利用者数が西日本最大の駅であるJR大阪駅は、改札口も常にお客様対応で多忙であるため、改札の駅員に長々と抗議するわけにもいかない。
そこで、「上の人」を呼んでいただくことにしたのだ。
しばらくして私達の前に現れたのは、「当直駅長」のA氏。
私達は、A氏にJR難波での出来事を詳細に話し、その上で「任意協力であるといいながら、実際にはそれを知らせずに排除している」ことや「女性専用車が痴漢対策から完全に外れてしまっている」「JRは2025年の大阪万博誘致を推進したというのに、その時になってもまだこんな、アパルトヘイトまがいの車両を続けるのか?」など、各自言いたいことを伝えた。
今宮駅の駅員連中と違い、A氏は私達の話をきちんと聞いてはくださったが、この会社のことである。
私達が抗議申し入れた内容を、A氏がきっちり本社に伝えてくれたとしても、それだけでは恐らく、会社としては何の動きも見せないであろう。
しかし、だからといって諦めてしまったら、それこそ鉄道事業者の思う壺である。
JR西日本は、今も相変わらず女性専用車を毎日・終日実施しているし、また男性を可能な限り乗せないようにすることに一生懸命だが、これまでと違って移動を拒否する男性を力づくで引きずりおろすようなことはしなくなった。
というより出来なくなった。
だからこそ、今度は「女性専用車だと知らずに乗っている男性」の排除を徹底する方向に動いてきたのである。
よって、反対派としては今後も諦めずさらに活動していく必要がある。
それも単に活動を続けるだけでなく、この先「女性専用車は任意だと知って乗る男性」の人数を増やす必要があるのだ。
たとえ地道な活動で、時間がかかっても、諦めなければ少しずつ状況は動いていくものである。

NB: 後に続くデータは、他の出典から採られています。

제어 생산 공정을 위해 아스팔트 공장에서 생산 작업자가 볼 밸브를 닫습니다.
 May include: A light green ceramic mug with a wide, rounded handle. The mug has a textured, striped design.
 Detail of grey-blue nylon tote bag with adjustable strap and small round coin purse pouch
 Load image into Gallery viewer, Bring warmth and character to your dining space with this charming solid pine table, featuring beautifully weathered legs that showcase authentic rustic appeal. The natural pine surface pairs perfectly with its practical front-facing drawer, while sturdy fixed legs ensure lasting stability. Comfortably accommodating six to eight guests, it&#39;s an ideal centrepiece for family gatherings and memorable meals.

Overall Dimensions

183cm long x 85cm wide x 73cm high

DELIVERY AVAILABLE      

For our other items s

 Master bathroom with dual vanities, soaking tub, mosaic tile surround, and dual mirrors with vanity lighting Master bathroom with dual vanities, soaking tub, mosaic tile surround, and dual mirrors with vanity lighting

我こそはと思う方は、入会申し込みフォームよりお申し込みいただきたい。
さて、一通り伝えたいことは伝え、当直駅長のA氏に「お忙しいところ、ありがとうございました」と礼を述べて、私達は大阪駅のホームに戻った。
時刻は夕方の午後4時過ぎ。
私達が女性専用車乗車位置に並んでいると、後ろにいた男女数人のグループが「ここ女性専用ちゃうの?」「休み(恐らく女性専用車を適用しない時間帯のことだろう)は無いの?」などと会話していた。
また、私達のすぐそばには、警備員が立っていたが、私達には声をかけて来なかった。
さっきのJR難波駅の乗務員とは全く対応が違うが、JR西日本の社員と外部委託の警備員とでは、教育内容が違うのだろうか?
やがて、16:12ごろ新三田行の普通が入線。
列車の到着に合わせて「前から5両目は終日女性専用車です」と構内アナウンスが入った。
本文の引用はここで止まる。